Modeling the Disruption of Binding of Three IgE Antibodies with Six Mutated Interaction Sites on the Arah2 Allergen

Modeling the Disruption of Binding of Three IgE Antibodies with Six Mutated Interaction Sites on the Arah2 Allergen

Alvin Sherman Library

Peanut allergy is a life-threatening food allergy that affects millions of children and adults across the world. This issue presents serious public health concerns and heavy interest from the scientific community to find viable treatments that minimize immunological side effects. To better understand and explain the peanut allergy response, the literature was examined, and a 3D model was printed based on two protein database files. Arachis hypogaea 2 (Arah2) is the dominant peanut allergen protein. When Arah2 binds IgE antibodies, a strong allergic response is triggered.

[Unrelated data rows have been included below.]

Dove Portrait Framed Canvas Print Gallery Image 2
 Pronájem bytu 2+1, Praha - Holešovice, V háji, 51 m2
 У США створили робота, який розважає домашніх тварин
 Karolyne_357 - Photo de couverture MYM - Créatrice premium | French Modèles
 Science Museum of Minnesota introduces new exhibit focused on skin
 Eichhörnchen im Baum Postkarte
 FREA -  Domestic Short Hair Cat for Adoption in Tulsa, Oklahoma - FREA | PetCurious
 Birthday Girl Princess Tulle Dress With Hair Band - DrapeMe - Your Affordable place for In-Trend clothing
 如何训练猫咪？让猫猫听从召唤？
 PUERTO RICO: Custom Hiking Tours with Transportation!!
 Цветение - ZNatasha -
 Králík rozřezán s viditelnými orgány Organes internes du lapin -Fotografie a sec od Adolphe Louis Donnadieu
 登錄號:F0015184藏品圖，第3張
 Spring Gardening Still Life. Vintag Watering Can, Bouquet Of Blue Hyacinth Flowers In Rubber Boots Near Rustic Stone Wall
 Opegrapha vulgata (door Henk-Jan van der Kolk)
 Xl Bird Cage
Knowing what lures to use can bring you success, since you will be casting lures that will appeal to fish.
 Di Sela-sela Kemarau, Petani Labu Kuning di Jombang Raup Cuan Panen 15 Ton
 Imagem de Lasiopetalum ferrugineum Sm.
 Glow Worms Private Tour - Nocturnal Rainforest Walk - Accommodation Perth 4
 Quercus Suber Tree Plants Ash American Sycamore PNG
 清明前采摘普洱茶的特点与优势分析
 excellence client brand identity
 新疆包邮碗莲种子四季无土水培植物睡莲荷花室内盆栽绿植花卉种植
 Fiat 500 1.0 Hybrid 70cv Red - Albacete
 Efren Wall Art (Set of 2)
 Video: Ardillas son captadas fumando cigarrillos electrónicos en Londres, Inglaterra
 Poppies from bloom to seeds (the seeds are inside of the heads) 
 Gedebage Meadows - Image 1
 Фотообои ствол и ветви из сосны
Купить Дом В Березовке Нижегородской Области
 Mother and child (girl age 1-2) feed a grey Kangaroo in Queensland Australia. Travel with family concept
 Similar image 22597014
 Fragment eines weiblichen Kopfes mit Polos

This reaction makes treating allergy patients with Oral Immunotherapy (OIT) difficult due to adverse effects from allergic reactions. Existing PDBs 8G4P and 8DB4 from the literature reveal three monoclonal antibodies (mAbs) which bind the dominant IgE binding sites to elicit this inflammatory allergic reaction cascade. The structural epitopes of each of these antibodies interact with specific amino acid residues on the Arah2 allergen. In these PDBs, six mutations on the allergen, E46R, E89R, E97R, E114R, Q146A, and R147E, were targeted to generate a hexamutant Arah2 hypoallergen. These modifications demonstrated reduced IgE reactivity while maintaining the native Arah2 structure. The study concludes that allergic reactions can be reduced through rational amino acid substitutions that disrupt antibody binding. The study provides a basis for immunotherapies by using structurally similar but less reactive allergens. Here, we prepared a 3D model of the hexamutant hypoallergen using AlphaFold 3 to predict the hexamutant structure, while ensuring that the overall conformation was conserved. Using Pymol and Jmol, a 3D printed molecular model was prepared with the 8G4P and 8DB4 PDB files in order to dock three antibodies to the hexamutant structure. This 3D printed model highlights the binding of mAbs 13T1, 13T5, and 22S1 to three different sites and demonstrates why the hypoallergen mutations disrupt binding while conserving Arah2's tertiary structure. Molecular interactions are compared, including hydrogen bonds and possible ionic interactions, with specific attention to key amino acid mutations in the binding sites. Through this work, we can show that details of the molecular stories in the protein data bank can be better visualized and understood with the development and use of 3D models.